The poodle won't take to a plow harness, so it'll just be me doing the digging.

barefoot gardener said...

Beautiful photos!

Walker said...

Well it is my first time on your blog and I am pleased to be here. Love the mountains with a petticoat. You seem like a delightful person.

dND said...

Wow, you have been busy. I'm still trying to get the soil into shape and sort out the drainage. My potatoes are raring to go but nowhere to put them in the veg area so they might have to go somewhere else this year.

I love the photos but they do take a time to size and load don't they.

Danielle said...

We seem to have stepped directly from the 30s/ 20s to the 70s up here in Maryland. I've been wanting to transplant some berries into a permanent berry patch I'm slowly building (lost about 75 raspberry transplants to last year's drought), but it's been too sunny and hot to get it done. This week looks pretty good though, assuming the soil isn't too wet.

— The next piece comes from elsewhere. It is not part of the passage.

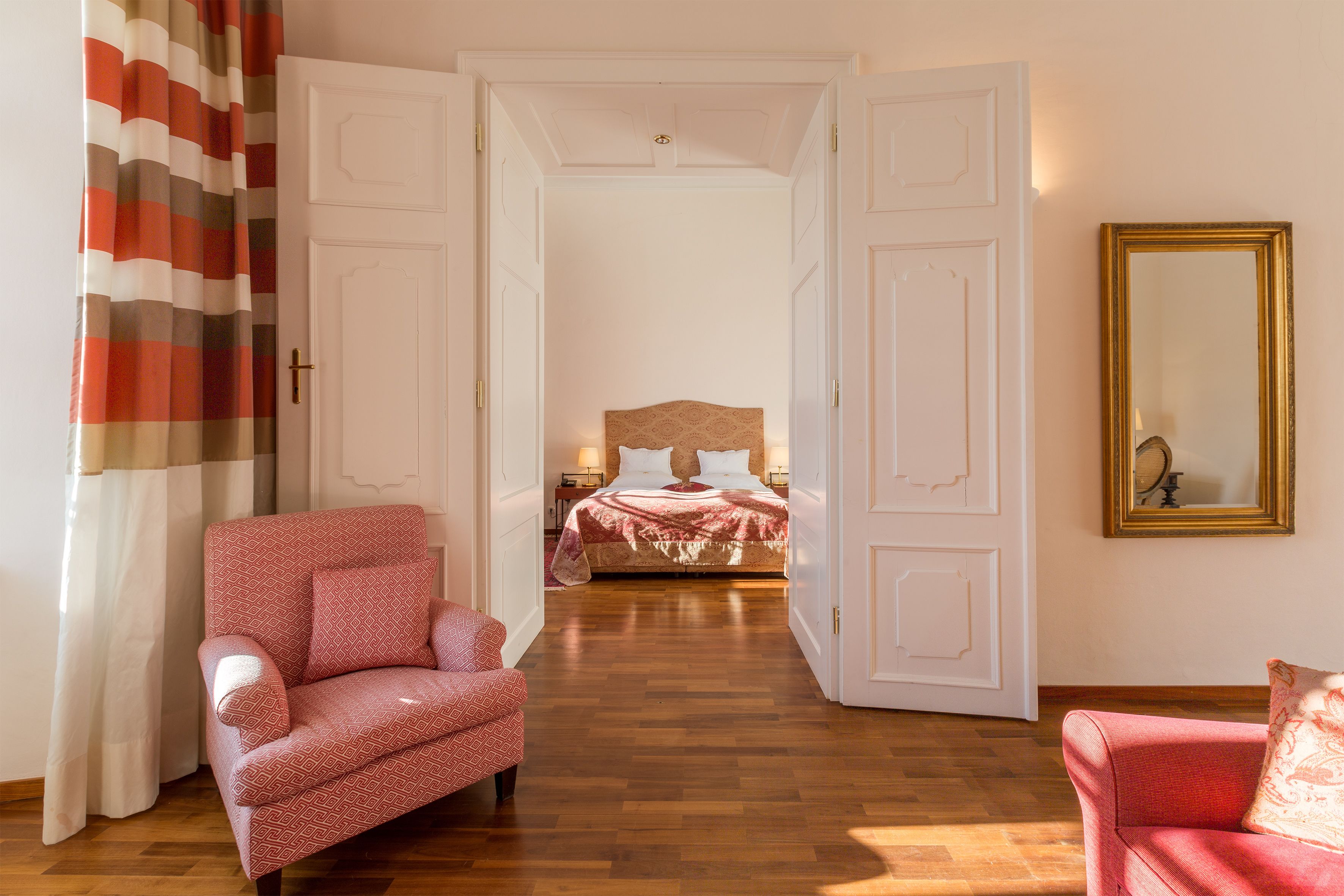Una habitación con una cama, dos sillones, un espejo y una cortina a rayas.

We plowed this weekend with our silly little tractor—I can't imagine plowing with a horse! I'd love to see you out there doing it. I've seen folks on tv doing it, so I have some sense of how much work it is for horse and plowman.

Ren Allen said...

I'd love to watch it too!

I've gone and covered things, though they'd probably be fine with the cold. Seeing as I have a very little garden it's not hard to protect everything.

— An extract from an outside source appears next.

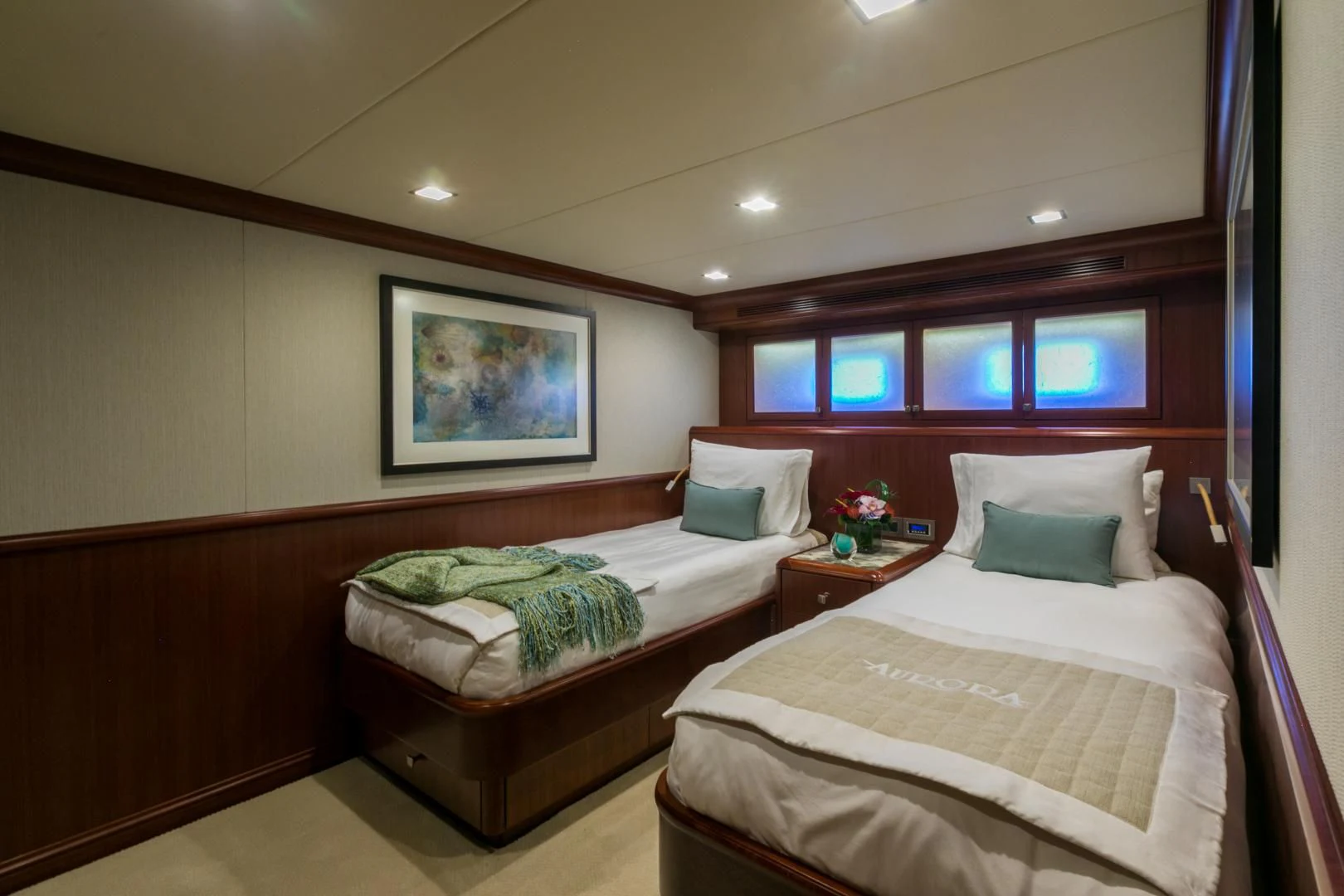 a couple of beds in a hotel room aboard MY AURORA Yacht for Sale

Oh, and I finally did the meme!
http://radicalunschooling.blogspot.com/2008/04/meme.html

CG said...

Driving (the horse) by and waving at everyone!

The Scavenger said...

150lbs of taters? Now thats a bunch of tater salad. i planted 50lb and thought that was alot. garden looks great and keep up the good work. With food prices maybe I better plant more too.

CG said...

It is a lot of potatoes. Probably an overkill. But we planted a bit better than 100# last year and ate them. We probably pulled 75 pounds or so as we plowed (that made our french fry supper that night). And we have a big family of teenagers and they tend to eat a lot. And you can fatten a pig on taters.

It will be a LOT of hilling though. (*unpaid product endorsement* and really, you can't beat the Amish hoe from Lehman's)

Heather Jefferies said...

Waiiitttt - my suburban mind is going haywire - they aren't covered with dirt! Are they supposed to just be lying there? Did the Burpee people lie to me? Should I have left them unhilled until they did something with their eyes? (I know DO NOT dig them up)

CG said...

Alecto, I couldn't very well take a picture of them after I'd covered them UP could I??? Then they'd just look like a plowed and disked field!

Here's what we do. This field is one of the few places where we grow things in rows. It works to our advantage in hilling is why we do it here. We plotted off the corn area, then started the rows of potatoes, putting a stake at each side of the field and running a string. Then we (ok, husband) dug a trench out of the soft dirt under (or slightly beside of) the string. We placed the potatoes and pieces thereof, which is what you see. Then we went to eat. Then we (ok, husband) came back and covered them.

After they start coming up, we'll be hilling them, which basically means covering up the green growing part. We'll try to hill them (which serves as a weeding too) three times.

Is that better???

CG said...

sometimes I think I shouldn't read other people's blogs. But I was reading a fellow's blog who would seem to have every potential to be a good example but who time after time is a horrible warning instead. So I don't link to him. But he says he spent $300 on 200# of seed potatoes. Folks, we spent less than $40. If the wacko holier than thou people would bother to look at the impact of earning money as well as spending it, they wouldn't spend so dang much. Besides, whatever happened to "act locally", since all our money went through local vendors. Yes, folks, seed potatoes this year cost right around $12 for 50#. I know you can pay more. You can get expensive (and environmentally unfriendly) shipping. Lots of things.

Why is it that stuff like that makes me want to scream? Because it is just an different expression of consumerist materialism is why.

Anyway.

Heather Jefferies said...

yes, ma'am, that makes a lot more sense and $300 is a lot of money for anything to plant.

clairesgarden said...

its good to see 'growing'. I am really looking forward to very fresh salad.